Once the line containing "ثلاجه بابين للبيع" is found in the entries below, reproduce it and every line after it, stopping at and including the line containing "Primary Photo Of"; reproduce nothing else, and keep each line exact.

> **EXERCISE MATERIALS**:
┄┄┄┄┄┄┄┄┄┄┄┄┄┄┄┄┄┄┄┄

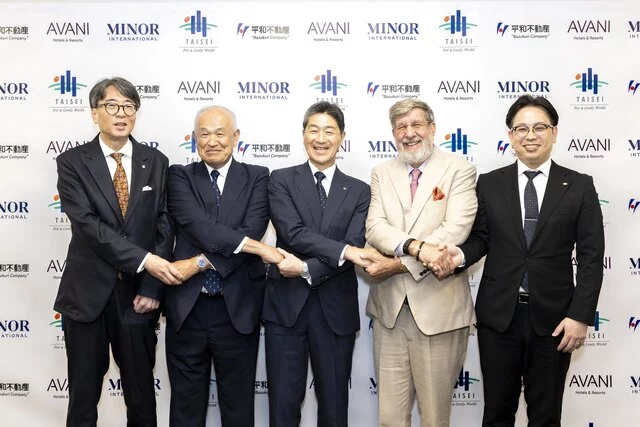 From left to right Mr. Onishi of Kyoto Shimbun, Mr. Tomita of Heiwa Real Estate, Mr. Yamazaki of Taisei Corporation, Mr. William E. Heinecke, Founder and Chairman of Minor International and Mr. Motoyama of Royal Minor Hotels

┄┄┄┄┄┄┄┄┄┄┄┄┄┄┄┄┄┄┄┄

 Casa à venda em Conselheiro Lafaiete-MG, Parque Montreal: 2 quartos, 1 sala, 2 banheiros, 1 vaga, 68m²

┄┄┄┄┄┄┄┄┄┄┄┄┄┄┄┄┄┄┄┄

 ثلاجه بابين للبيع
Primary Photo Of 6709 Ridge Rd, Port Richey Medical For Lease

┄┄┄┄┄┄┄┄┄┄┄┄┄┄┄┄┄┄┄┄

> **ANSWER TO THE PROBLEM**:
 ثلاجه بابين للبيع
Primary Photo Of 6709 Ridge Rd, Port Richey Medical For Lease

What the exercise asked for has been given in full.